▶ [RECORDED INFORMATION]
[Start of Attachment]

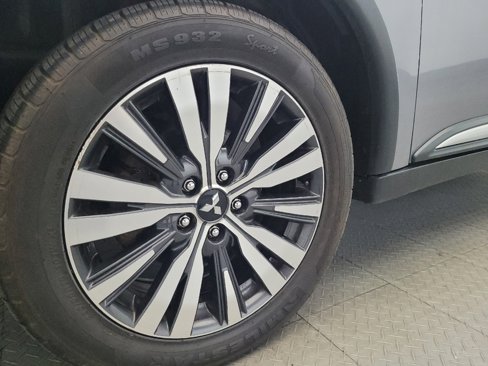 Used 2019 Mitsubishi Outlander SE image 31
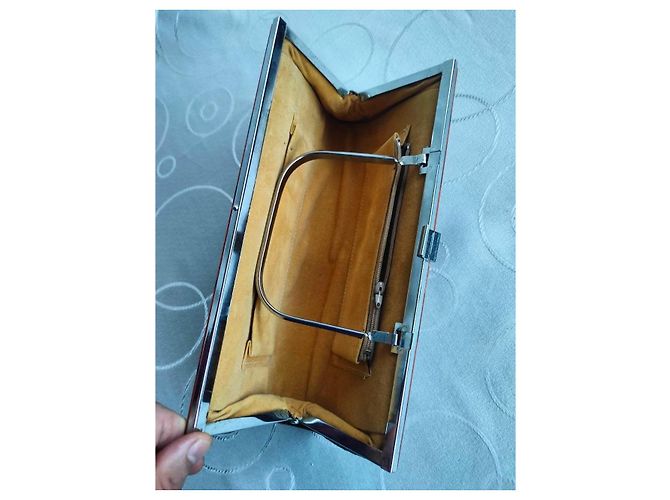 Autre Marque Braune Clutch aus geprägtem Pythonleder mit Griff - Ansicht 7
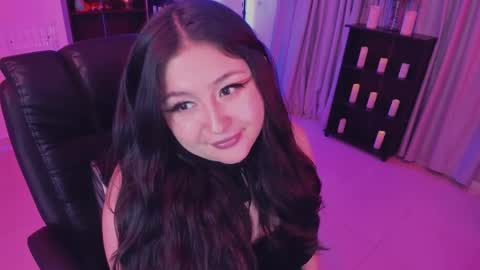 Lenna Kang online show from 02-22-25, 01:00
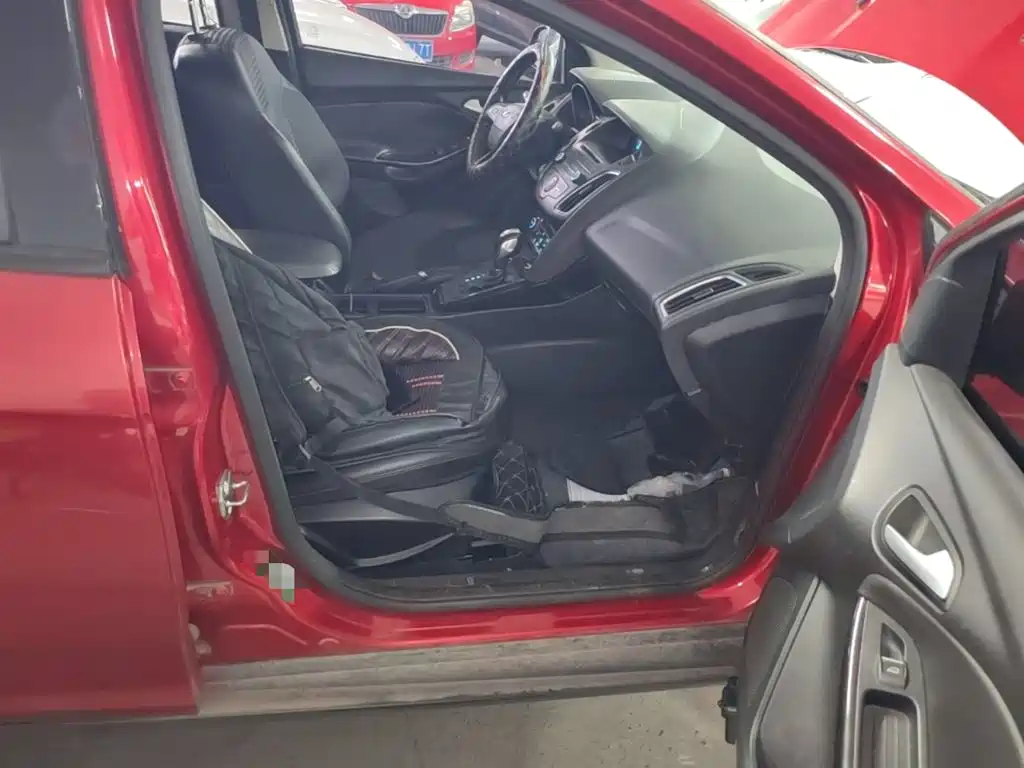 Ford Focus — миниатюра 9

[End of Attachment]

▶ [WHAT IS EXPECTED]
Full copy, no pictures: write out each line of the data exactly as it stands.

▶ [WRITTEN RESPONSE]
 Used 2019 Mitsubishi Outlander SE image 31
 Autre Marque Braune Clutch aus geprägtem Pythonleder mit Griff - Ansicht 7
 Lenna Kang online show from 02-22-25, 01:00
 Ford Focus — миниатюра 9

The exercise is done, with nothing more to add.